In new CCA 201525010, the IRS addressed the issue of whether a general “exculpatory” debt of an LLC is recourse or non-recourse for purposes of classifying debt-relief as potential cancellation of debt (COD) income. Recourse treatment means the debt forgiveness creates COD income. Non-recourse means the debt relief is treated as proceeds from the sale of the underlying property. In this case the taxpayer wanted COD treatment because they were eligible for a special COD income exclusion.
Ultimately the IRS said that there is authority both for and against treating exculpatory debt of a single purpose LLC as recourse debt for COD purposes.
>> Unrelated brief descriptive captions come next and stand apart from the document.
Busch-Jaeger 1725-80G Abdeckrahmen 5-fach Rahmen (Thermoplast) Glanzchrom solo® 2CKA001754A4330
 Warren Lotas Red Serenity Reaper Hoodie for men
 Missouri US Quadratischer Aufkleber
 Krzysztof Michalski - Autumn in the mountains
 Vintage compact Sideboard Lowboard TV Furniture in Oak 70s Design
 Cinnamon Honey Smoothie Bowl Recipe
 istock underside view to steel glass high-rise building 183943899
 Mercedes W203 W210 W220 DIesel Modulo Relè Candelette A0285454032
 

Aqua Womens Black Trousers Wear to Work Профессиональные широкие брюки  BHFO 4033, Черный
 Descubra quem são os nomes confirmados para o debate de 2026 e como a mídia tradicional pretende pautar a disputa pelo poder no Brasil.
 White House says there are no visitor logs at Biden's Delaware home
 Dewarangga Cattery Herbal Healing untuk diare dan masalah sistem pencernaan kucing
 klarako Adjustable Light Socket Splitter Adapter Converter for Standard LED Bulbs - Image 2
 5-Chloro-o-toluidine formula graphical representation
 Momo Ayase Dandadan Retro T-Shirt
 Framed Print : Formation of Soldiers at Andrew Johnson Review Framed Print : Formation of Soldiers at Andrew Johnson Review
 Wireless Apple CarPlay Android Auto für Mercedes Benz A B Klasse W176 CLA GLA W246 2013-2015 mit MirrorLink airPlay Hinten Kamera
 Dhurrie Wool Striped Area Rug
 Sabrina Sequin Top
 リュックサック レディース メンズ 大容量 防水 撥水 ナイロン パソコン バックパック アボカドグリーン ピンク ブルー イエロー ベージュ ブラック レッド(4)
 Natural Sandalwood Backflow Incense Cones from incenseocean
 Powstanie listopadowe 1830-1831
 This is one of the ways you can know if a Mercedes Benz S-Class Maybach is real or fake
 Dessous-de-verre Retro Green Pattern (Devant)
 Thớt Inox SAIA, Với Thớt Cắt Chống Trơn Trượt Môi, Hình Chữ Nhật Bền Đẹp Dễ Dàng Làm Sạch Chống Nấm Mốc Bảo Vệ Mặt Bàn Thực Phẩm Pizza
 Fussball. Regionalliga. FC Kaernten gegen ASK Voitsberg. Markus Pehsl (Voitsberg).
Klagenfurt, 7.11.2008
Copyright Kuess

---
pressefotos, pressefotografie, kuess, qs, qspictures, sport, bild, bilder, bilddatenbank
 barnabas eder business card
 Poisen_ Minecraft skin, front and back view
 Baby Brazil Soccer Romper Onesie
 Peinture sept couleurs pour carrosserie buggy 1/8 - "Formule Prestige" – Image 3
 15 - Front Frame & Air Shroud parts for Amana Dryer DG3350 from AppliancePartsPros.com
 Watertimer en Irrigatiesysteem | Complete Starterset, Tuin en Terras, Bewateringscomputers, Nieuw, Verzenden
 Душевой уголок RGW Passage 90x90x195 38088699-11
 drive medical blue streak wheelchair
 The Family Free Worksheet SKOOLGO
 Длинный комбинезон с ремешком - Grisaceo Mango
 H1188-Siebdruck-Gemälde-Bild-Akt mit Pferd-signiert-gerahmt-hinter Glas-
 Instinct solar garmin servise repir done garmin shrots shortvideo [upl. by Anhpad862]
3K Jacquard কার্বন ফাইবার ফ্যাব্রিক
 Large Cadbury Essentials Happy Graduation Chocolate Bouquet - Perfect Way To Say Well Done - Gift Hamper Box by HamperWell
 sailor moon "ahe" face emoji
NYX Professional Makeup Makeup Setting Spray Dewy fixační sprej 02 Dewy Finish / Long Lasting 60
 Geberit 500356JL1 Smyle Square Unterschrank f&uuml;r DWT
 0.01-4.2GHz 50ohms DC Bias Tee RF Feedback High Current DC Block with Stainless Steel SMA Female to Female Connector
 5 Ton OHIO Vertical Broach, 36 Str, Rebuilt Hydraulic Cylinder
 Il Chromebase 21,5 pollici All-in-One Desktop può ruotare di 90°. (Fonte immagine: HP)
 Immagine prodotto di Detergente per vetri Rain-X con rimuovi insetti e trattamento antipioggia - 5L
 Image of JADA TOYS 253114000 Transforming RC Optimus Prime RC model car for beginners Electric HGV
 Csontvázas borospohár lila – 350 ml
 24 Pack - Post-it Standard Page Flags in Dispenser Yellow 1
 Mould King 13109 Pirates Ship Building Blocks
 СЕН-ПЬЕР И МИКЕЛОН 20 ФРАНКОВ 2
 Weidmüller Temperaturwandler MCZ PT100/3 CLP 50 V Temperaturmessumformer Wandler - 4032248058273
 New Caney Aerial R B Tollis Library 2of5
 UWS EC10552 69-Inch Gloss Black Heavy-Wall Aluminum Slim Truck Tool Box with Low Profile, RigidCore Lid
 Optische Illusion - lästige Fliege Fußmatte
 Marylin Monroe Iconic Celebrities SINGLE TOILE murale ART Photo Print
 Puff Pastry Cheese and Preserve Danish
However, the IRS concluded that in making this determination, the Section 752 partnership regulations were not relevant and the answer turned on the more general test as to whether the debt was recourse or non-recourse to the LLC itself (as opposed to looking at whether the members were at risk through their member guarantees).
In the ruling, the real estate LLC had a first and second mortgage, with the second mortgage lender also having guarantees and interest pledges by the LLC members. The loan documents required the LLC to be a single purpose entity (SPE). The loan documents did not specifically say the loan was recourse or non-recourse. But by being an SPE, the assets were necessarily limited, although technically all LLC assets were at risk for the second mortgage that was at issue.
After a non-judicial foreclosure by the first mortgage lender, the second mortgage lender forgave its debt. The LLC members reported the debt forgiveness as COD income, and excluded a portion of the income under the Section 108 insolvency exception. Both the taxpayers and the IRS acknowledged that if the loan was recourse, the loan forgiveness was COD income, but if it was non-recourse, the forgiveness was treated as disposition proceeds from the underlying real estate. In this case the taxpayer asserted recourse treatment, because it could exclude the income under the Section 108 insolvency exception.
The taxpayers argued that the debt must be recourse for COD purposes because it was recourse under the Section 752 partnership debt sharing rules because there were member guarantees. The taxpayer noted that this result was implied in the Great Plains Gasification Associates v. Commissioner Tax Court memorandum decision. In the CCA, the IRS concludes that the implication in that case is erroneous and the more general “Section 1001” rules apply to determine whether the loan is recourse or non-recourse. Having said that, the IRS said that there was legal support under the general Section 1001 rules for treating such SPE exculpatory debt as either recourse or non-recourse and further factual development of the specific case was needed.